Foresight, nesse contexto, é arquitetura de resiliência.

  1. Inteligência Artificial como Arquitetura de Competitividade

A Inteligência Artificial é outro exemplo clássico de miopia estratégica.

A maioria das empresas trata IA como:

  • Projeto piloto
  • Teste de inovação
  • Ferramenta de eficiência

Mas infraestrutura muda o jogo.

Quando uma tecnologia se torna infraestrutura estratégica — como energia ou internet no passado — ela deixa de ser experimento e passa a ser base estrutural do modelo de negócio.

Segundo o estudo The State of AI in 2025 da McKinsey:

  • 88% das empresas já utilizam IA de alguma forma
  • Apenas cerca de um terço consegue escalar para gerar valor real

A diferença?

Os “high performers” não usam IA apenas para cortar custos.
Eles redesenham workflows, criam novos modelos de receita e constroem novas capacidades organizacionais.

O Global Risks Report 2026 também mostra que “Resultados adversos de IA” sobem dramaticamente no horizonte de 10 anos.

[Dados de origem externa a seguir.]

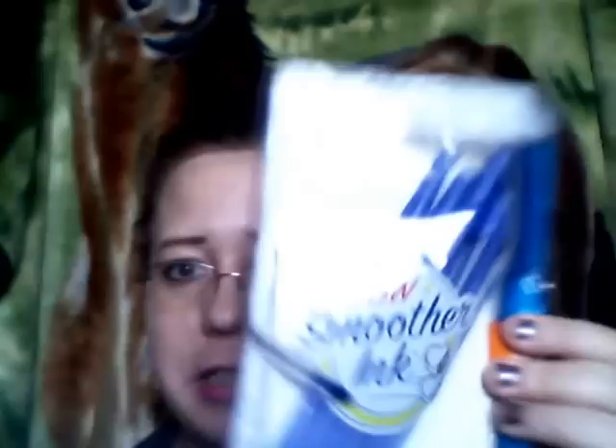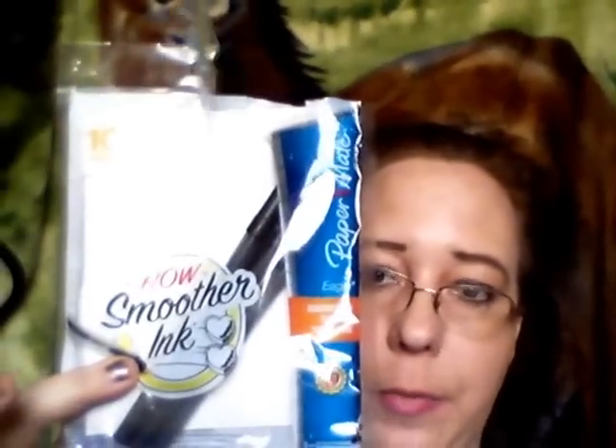The pencil bag was $1.59 and they had different colors. Last week they also had some kind of pencils on sale for 29 cents. These are the smoother ink paper — I think they're the Eagle pens. You get 10 of them for 29 cents. I got blue and black, and I figured both me and my husband can use these for note taking when we're at church.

O risco não é a tecnologia. É a implementação sem direção estratégica.

Foresight aplicado à IA significa:

  • Definir qual papel a tecnologia terá no futuro desejado da organização
  • Integrar governança, ética e modelo operacional
  • Redesenhar processos antes que a obsolescência seja imposta externamente

Não se trata de automatizar mais rápido. Trata-se de decidir melhor.

Por que algumas empresas “parecem viver no futuro”?

A sensação de avanço não vem de um produto inovador, vem de coerência.

Coerência entre:

  • Visão de longo prazo
  • Planejamento estratégico
  • Alocação de capital
  • Desenvolvimento de capacidades
  • Execução disciplinada

Essa coerência é cultivada no C-level ano após ano, com ajustes, revisões e realinhamentos.

Foresight não é previsão. É disciplina estratégica.

Antecipar significa:

  • Tratar o futuro como parte da governança corporativa
    • Conectar cenários a decisões reais de investimento
    • Construir capacidade institucional de navegar incerteza
    • Ensaiar futuros possíveis antes que eles se imponham

Organizações maduras em Foresight entendem algo essencial: o custo de antecipar é sempre menor do que o custo de reagir.

A pergunta central

Sua empresa está operando apenas para sobreviver aos próximos trimestres? Ou está construindo deliberadamente o posicionamento que deseja ocupar em 2036?

O futuro não chega pronto. Ele é construído por quem tem método para antecipar, escolher e sustentar decisões no presente.

É exatamente essa disciplina que diferencia empresas reativas de organizações estrategicamente orientadas ao longo prazo. E é nesse ponto que Foresight deixa de ser tendência — e se torna competência essencial de liderança.